A 2008-2009 review of the NT intervention, commissioned by the Rudd government, found a large majority of Aboriginal welfare recipients disliked the system.

92 percent of respondents reported problems getting half their money, 90 percent said they didn’t like the BasicsCards, 86 percent disliked going to Centrelink to get money.

Overall, 91 percent of participants were negative about its impact on their lives. The Western Australian trials have also been criticised due to concerns it will unfairly target Aboriginal welfare recipients and the linking of school attendance to welfare payments. Several welfare groups claimed this would not solve truancy issues while increasing economic hardship for parents.

 

 

Is there evidence to support its roll out?

Income management faces considerable opposition because there is no reliable data on its worth.
Federal Indigenous affairs minister Jenny Macklin rejected the NTER review’s recommendation that income management be made voluntary.

While she claims the Federal Government is acting on evidence-based policy she has only been able to offer anecdotal accounts on its benefits to affected Aboriginal families.
The federal government has also claimed income management is supported by a large proportion of affected Aboriginal people.

Earlier this year Macklin told a Senate Estimates Committee hearing the scheme had acted as an incentive to secure jobs or study. She said a number of people had volunteered to go on the scheme. As of February, 1754 of the 16,200 people subject to income management have been moved off it, with 4,650 volunteering to take part in the scheme voluntarily.

“I anticipate that income management will continue to be an incentive for people to participate in work, study or training, as well as supporting parents to take better care for their children,” Ms Macklin said.

“We can see from the number of people volunteering to be on income management that people value it as a useful tool to help manage their money.”
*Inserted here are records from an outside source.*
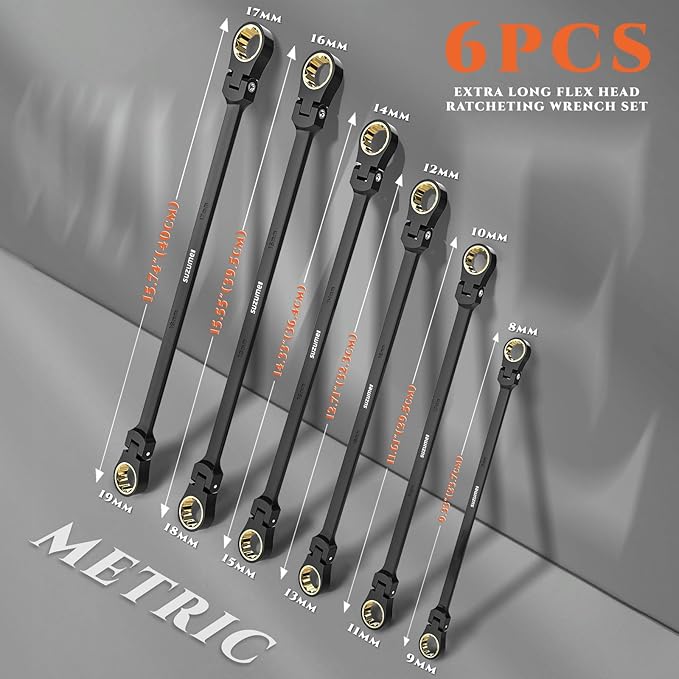 SUZUME Extra Long Flex Head Ratcheting Wrench Set 6PCS (8-19mm) Double Box End Metric EVA Foam 180째 Flexible Head 15K Gear Cycles Tested Black Chrome Finish CR-V Steel for Tight Engine Bays with Pouch
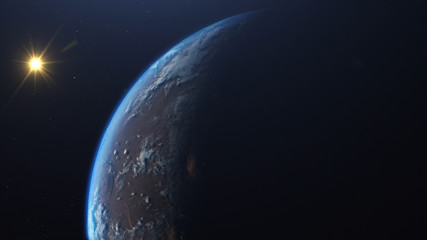 Wall Mural - 3d rendering of the process of terraforming mars as a result of humanity colonization of the red pla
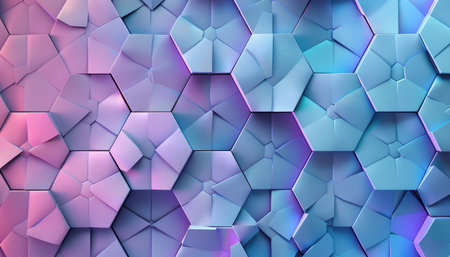 A close-up of a 3D rendered abstract geometric pattern with a gradient color shift from blue to purple.の素材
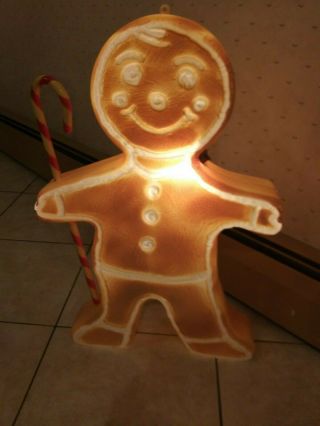 Vintage Union Products Inc.  1988 Lighted Blow Mold Ginger Bread Boy And Girl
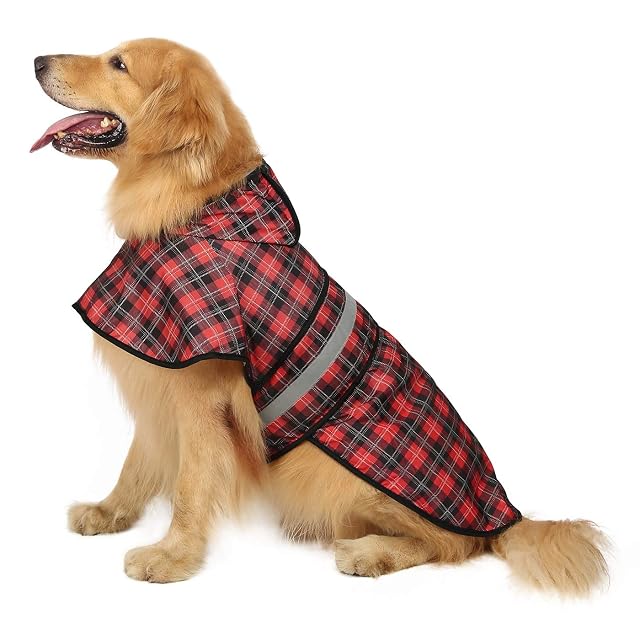 HDE - Chaqueta impermeable reflectante ajustable con capucha para mascotas, chubasquero con agujero…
But dissenting reports have been damning. Last year, a Menzies School of Health and Research report which monitored sales in 10 remote NT stores found there was no change in people’s spending on tobacco, that there was no change in spending on vegetables and fruit, and that soft drink sales had actually increased.

The Sunrise Health Service has found anaemia rates in children under five jumped significantly in six months from December 2006 to June 2007 due to a lack of nutrition stemming from compulsory welfare quarantines.

It is clear there is a lack of evidence on both sides of this argument. But the federal government is committed to rolling out this scheme nation-wide despite credible evidence it actually works to improve the well-being of those targeted.